[Stored records]

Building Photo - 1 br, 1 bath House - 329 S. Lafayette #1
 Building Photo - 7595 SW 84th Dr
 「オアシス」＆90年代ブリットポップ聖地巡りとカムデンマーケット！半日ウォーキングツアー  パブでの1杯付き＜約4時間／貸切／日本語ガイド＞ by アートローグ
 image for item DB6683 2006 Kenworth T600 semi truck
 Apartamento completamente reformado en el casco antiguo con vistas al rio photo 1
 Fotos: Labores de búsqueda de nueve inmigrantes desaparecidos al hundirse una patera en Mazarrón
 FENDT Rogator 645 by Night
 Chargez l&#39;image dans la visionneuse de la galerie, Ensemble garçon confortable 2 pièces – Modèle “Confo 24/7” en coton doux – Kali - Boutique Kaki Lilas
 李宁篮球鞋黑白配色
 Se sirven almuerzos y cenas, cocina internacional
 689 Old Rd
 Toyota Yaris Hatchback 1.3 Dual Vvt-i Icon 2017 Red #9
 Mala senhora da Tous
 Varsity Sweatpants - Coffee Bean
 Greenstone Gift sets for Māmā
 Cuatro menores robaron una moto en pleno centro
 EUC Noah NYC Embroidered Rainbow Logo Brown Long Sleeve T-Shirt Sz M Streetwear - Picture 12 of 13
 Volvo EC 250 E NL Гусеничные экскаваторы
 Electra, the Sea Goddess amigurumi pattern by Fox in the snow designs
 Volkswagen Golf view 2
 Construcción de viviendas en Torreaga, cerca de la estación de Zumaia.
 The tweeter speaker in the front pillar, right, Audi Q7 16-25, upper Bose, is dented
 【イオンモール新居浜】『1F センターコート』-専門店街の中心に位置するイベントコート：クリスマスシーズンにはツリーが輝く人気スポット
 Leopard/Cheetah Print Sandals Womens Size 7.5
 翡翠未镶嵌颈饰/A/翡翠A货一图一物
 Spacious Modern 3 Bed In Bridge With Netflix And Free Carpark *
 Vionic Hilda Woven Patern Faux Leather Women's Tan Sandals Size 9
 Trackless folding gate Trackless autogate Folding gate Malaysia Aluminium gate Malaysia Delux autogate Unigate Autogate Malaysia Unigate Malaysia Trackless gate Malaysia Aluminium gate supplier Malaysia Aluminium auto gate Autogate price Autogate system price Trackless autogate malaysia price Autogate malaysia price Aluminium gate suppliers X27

WORK ITEM
For the word "Building", return every line of the records that holds it.

SOLUTION TO THIS EXERCISE
Building Photo - 1 br, 1 bath House - 329 S. Lafayette #1
 Building Photo - 7595 SW 84th Dr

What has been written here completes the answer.